Tag Archives: race

Gender, Race, and the Wage Gap: Why Intersectionality Matters

We often talk about the wage gap solely in terms of gender. From the Lilly Ledbetter Fair Pay Act to the argument over whether a wage gap exists at all, we are usually only talking about men vs. women. The wage disparities that many people face, however, have more to do with the intersection of gender and race. White women, the group of people who are most talked about and targeted in the discussions of the wage gap, actually make more money than everybody except white men. Black men make less than white women, and black women make less than black men. Hispanic men make less than black women. Finally, hispanic women are most disadvantaged by the wage gap, making only $0.60 to a white man’s dollar.

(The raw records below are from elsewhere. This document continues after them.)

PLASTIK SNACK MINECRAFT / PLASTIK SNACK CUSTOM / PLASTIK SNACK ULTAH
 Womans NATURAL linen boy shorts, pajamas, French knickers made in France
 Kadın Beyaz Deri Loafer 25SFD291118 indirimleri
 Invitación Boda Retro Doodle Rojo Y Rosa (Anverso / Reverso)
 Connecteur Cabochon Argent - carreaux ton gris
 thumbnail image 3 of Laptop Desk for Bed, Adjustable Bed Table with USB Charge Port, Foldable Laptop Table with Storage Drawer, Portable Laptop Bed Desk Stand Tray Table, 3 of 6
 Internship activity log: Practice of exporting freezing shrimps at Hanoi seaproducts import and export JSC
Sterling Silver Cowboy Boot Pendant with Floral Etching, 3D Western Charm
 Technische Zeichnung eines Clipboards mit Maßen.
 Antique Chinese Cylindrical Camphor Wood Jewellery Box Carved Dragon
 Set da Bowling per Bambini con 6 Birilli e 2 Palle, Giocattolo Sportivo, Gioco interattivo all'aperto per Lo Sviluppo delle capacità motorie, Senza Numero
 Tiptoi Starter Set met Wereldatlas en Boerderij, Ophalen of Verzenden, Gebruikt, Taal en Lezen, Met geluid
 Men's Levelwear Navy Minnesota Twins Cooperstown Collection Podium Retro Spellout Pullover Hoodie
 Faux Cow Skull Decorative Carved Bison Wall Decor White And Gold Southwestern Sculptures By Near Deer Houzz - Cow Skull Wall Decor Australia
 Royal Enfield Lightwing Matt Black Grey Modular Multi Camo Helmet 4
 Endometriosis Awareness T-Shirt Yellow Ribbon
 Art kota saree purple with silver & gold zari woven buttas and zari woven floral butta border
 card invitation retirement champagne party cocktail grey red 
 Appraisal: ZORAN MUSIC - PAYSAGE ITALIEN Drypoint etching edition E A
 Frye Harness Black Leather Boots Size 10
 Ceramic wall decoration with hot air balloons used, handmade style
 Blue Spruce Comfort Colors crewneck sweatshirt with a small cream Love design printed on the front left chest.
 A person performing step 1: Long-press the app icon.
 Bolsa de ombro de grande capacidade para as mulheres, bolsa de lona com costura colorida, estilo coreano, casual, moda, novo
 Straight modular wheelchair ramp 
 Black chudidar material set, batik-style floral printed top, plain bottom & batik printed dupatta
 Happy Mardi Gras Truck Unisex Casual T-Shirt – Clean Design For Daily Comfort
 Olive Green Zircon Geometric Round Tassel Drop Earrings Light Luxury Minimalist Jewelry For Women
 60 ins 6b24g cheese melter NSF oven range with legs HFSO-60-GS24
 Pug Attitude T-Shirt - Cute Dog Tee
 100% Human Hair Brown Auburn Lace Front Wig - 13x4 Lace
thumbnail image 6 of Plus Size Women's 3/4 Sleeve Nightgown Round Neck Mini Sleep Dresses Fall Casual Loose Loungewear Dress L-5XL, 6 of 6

Before I continue on with this discussion, I’d like to address some of the confusion that arises when we talk about the wage gap. The wage gap exists and is affected both by race and gender. However, the statistics that are used in order to locate the wage gap vary enormously. Many people argue that choices, not racism or sexism, create the wage gap¹. They argue that men work more hours per week than women and that women tend to enter lower-paying career fields. These arguments have been debunked time and time again². No matter how many outside factors you control for, women make less money than men for doing the same work.

Women are not the only demographic affected  by the wage gap. Race weighs more heavily on wage disparities than gender. But the wage gap is still seen as merely a feminist issue. This is why feminism and other movements for equality need to look at this and many other issues with an intersectional lens. The wage gap affects working women, but it also affects men of color, single-parent families, and poverty levels. Media coverage of the wage gap needs to include these groups that are affected the most, not just focus on white women vs. white men. Feminism does not own the fight against the wage gap. This fight belongs to men and women of color, families in poverty, gay and transgender workers, as well as women everywhere.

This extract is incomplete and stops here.